Photo by Sam Sargeant

Cadets wait to load the Black Hawk helicopter on May 16 to do training in a wooded area.

By Kailee Dunn, Eagle Life Writer

After six years of unavailability, a Blackhawk helicopter dropped in on Eastern’s campus to help with ROTC training.

Each spring, EWU’s ROTC executes field-training exercises to practice what they have learned through the year.

On May 16, five squads of about 10 cadets patiently waited in the overflow parking lot near Roos Field for their turn to hop on board the Blackhawk.

Once aboard, the helicopter then took them into a wooded area where they would immediately begin training.

According to senior military science instructor Sgt. Maj. Joseph Martinez the field exercise starts the minute the cadets enter the helicopter.

“They will be doing all of the things that we taught them prior to this day, which is leadership development,” Martinez said. “So, there are going to be scenarios like they are going to have to conduct an ambush. They’re going to pitch the plan on how to do that and then they’re going to put the cadets into position.”

He then explained his role for the weekend was adding variables to each scenario to see how the cadets would handle the sudden change.

“If we think the cadet isn’t being challenged enough, we would add like, if they’re doing an ambush, we might add in a civilian with a baby to see how they would react,” Martinez said.

Anthony Imperial, EWU junior and served in the army as a non-commissioned officer, went through the field exercise before and said it will consist of two parts.

“The first is planning. Planning is just as difficult as the executing part. That’s part of our jobs as officers is to plan the whole mission toward success. So, we spend about half the time planning and then about half the time executing,” Imperial said.

He continued to explain how going through ROTC differs from simply enlisting.

“In the army there’s the enlisted, where you just go to basic training, no schooling required. As an officer, you have to have an education. ROTC kind of replaces basic training.
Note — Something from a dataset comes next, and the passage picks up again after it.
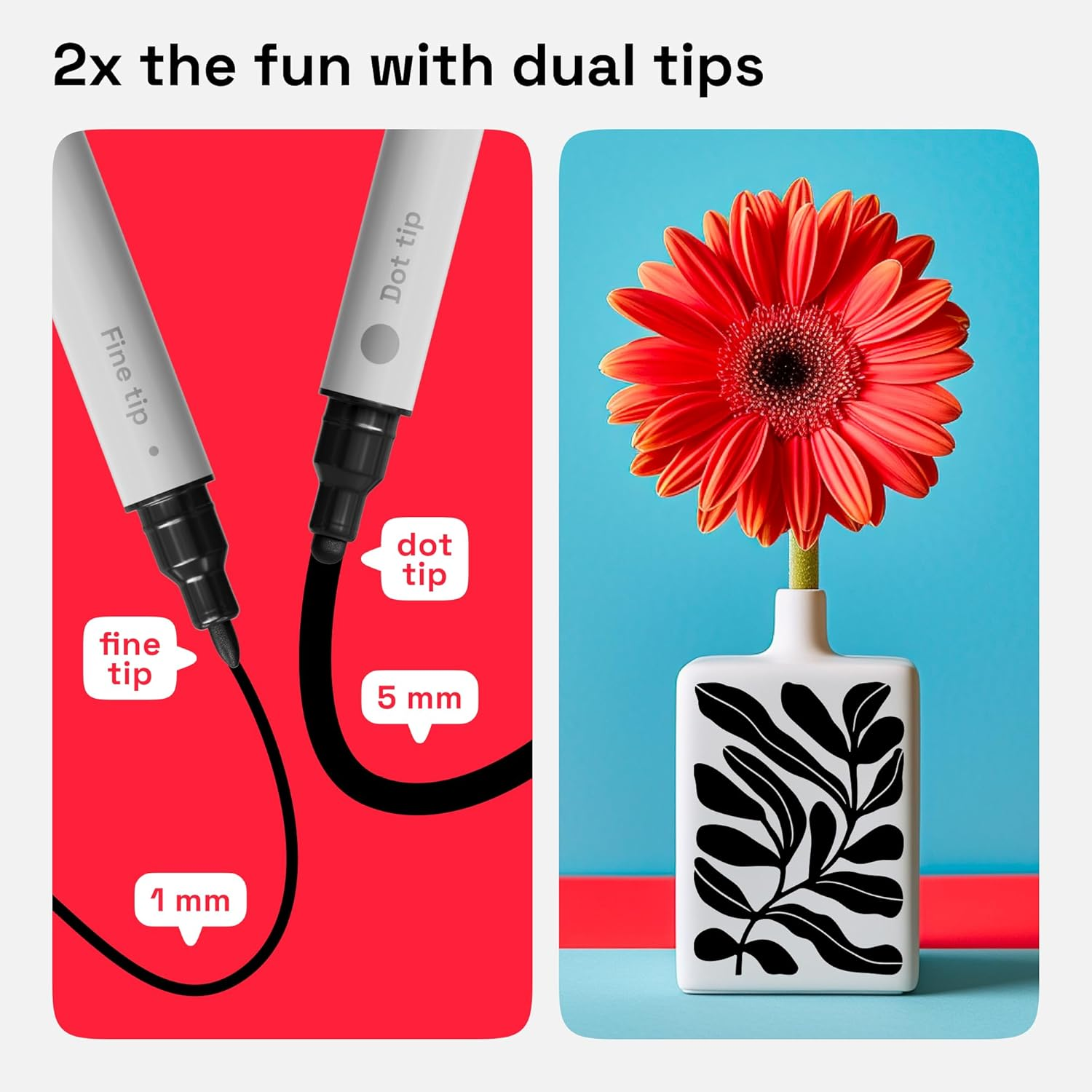 ARTISTRO 2 Black Acrylic Paint Pens, Acrylic Paint Markers Dual Tip (Fine 1Mm + Dot 5Mm), Acrylic Markers for Fabric, Canvas, Rock, Glass, Wood, Paper, DYI, Paint Markers for Kids and Adults image number 5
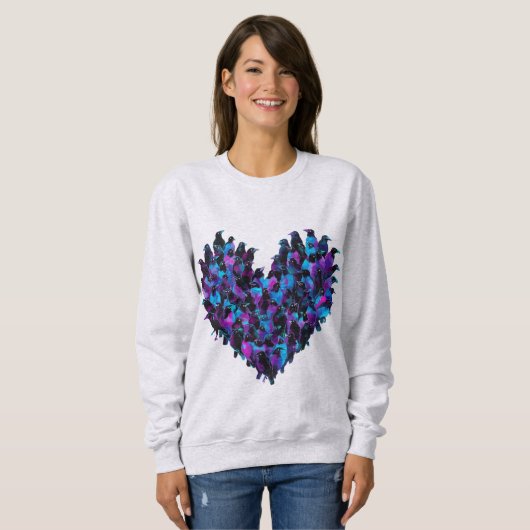 Crow Heart Bird Design Sweatshirt Dames (Voorkant volledig)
ROTC has quite a few one to four year scholarships available,” Imperial said.

Another non-commissioned officer and EWU senior John Meier lent his best advice to his squad.

“You’re going to be fine. Just stay hydrated and eat. That’s pretty much it. Listen to your superiors. When you’re in charge, just be in charge. Some plan is better than no plan,” said Meier.

Phillip Matthews, a member of Meier’s squad and an EWU freshman, expressed his thoughts just before jumping into the Blackhawk.

“I’m feeling excited. I’m nervous for when we actually touch down, but other that I am actually pretty stoked,” said Matthews.

According to Martinez, the field exercise lasted until the following day, May 17  at 6 p.m.

He encourages anyone who is interested to give ROTC a try.

“The first two years is no obligation.  A lot of people don’t know that,” Martinez said. “They can come join our program, they can feel it out and if they don’t like it, they can leave next quarter.”